The days of digging through your purse or dashing to the closest store for change to feed a parking meter and avoid a ticket may be coming to an end in Denver.
The days of digging through your purse or dashing to the closest store for change to feed a parking meter and avoid a ticket may be coming to an end in Denver.


The city's Public Works Department is pushing a proposal to install 150 "enhanced" parking meters near downtown and in Cherry Creek that accept credit and debit cards as well as change.


Denver doesn't have any parking meters that accept plastic at this time.


It has parking kiosks that do, but only in Cherry Creek.


Today, the department will ask Mayor John Hickenlooper and the City Council to sign off on an agreement to install the 150 meters as part of a pilot program.


The department wants to try out the technology from IPS Group Inc., to gauge the public's response and determine if it "works with our climate and system," public works spokeswoman Christine Downs said Monday.


"This is a pilot to ensure the efficiency of the meters and convenience to drivers," she said.


IPS will replace the tops of the city's meters with its "meter heads," which operate with a solar panel and a back-up battery, Downs said.


In addition to accepting plastic, the new meters allow the city to include messages, such as "Sundays are free," she said.

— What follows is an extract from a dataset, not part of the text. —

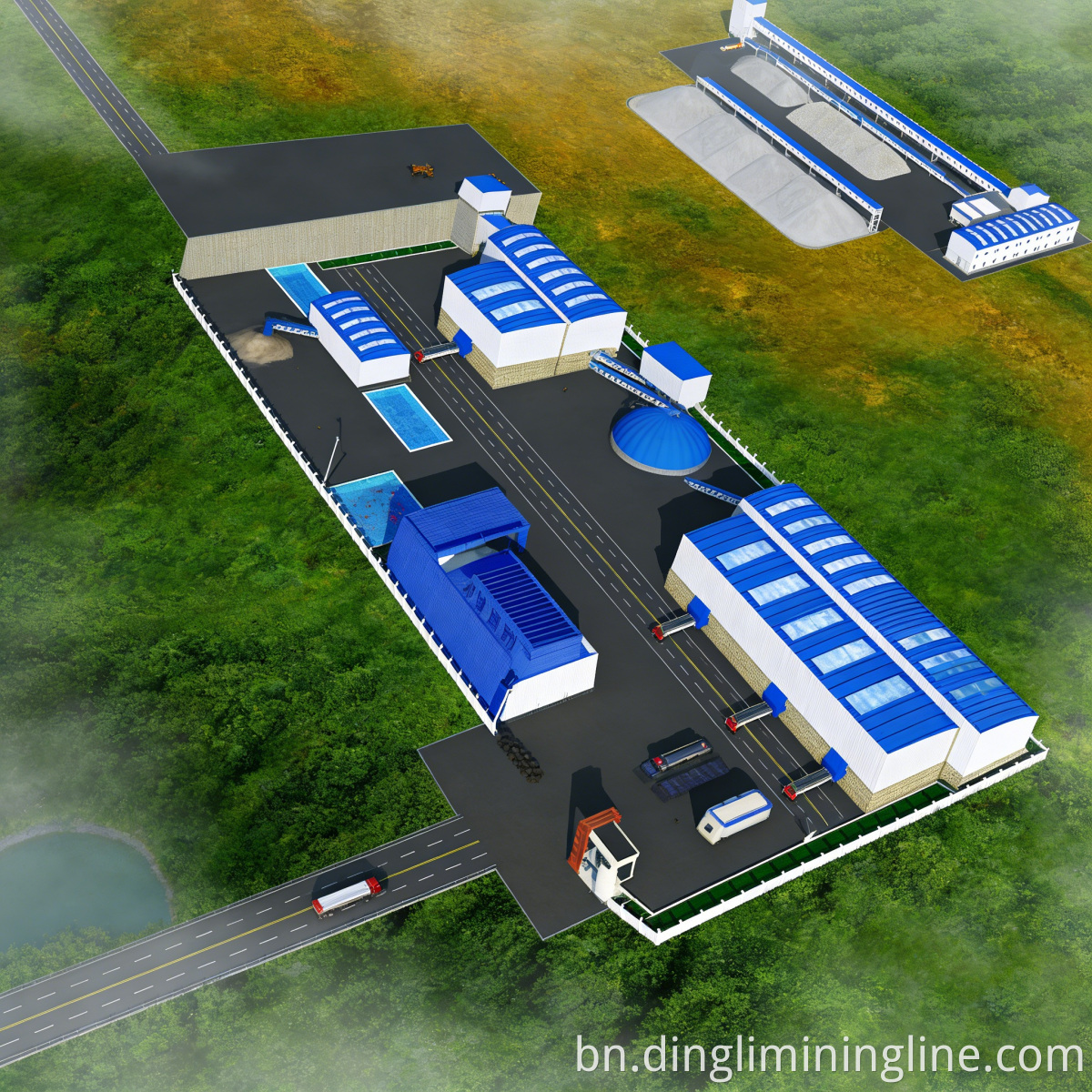 Low-Dust Stone Production Line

"The meters (also) will be able to send messages to the parking technicians if a meter is broken or if the coin capacity has reached 80 percent," Downs added.


The meters will be installed along 20 blocks downtown and along one block in Cherry Creek, but only on one side of the street so that motorists with cash keys can use them on the same block.


The exact locations have not been determined, Downs said.


The pilot program will cost the city up to $4,500 in credit-card services, which will be paid to IPS.


The program also includes the installation of 20 "parking pucks," which are wireless detectors that allow the city's parking enforcement officers to track real time data, such as how long a vehicle has been parked at a meter.


If the pilot program is well-received, the city may use IPS's meter heads and other technology in the future, Downs said.


"The current meters are a few years from reaching their life cycle, and it is time to upgrade the system, which will provide more options to drivers and ultimately better customer service," she said.


The city has been rolling out new technologies to increase parking management efficiency, including self-release boots that allow parking scofflaws to pay their fine over the phone and remove the boot themselves.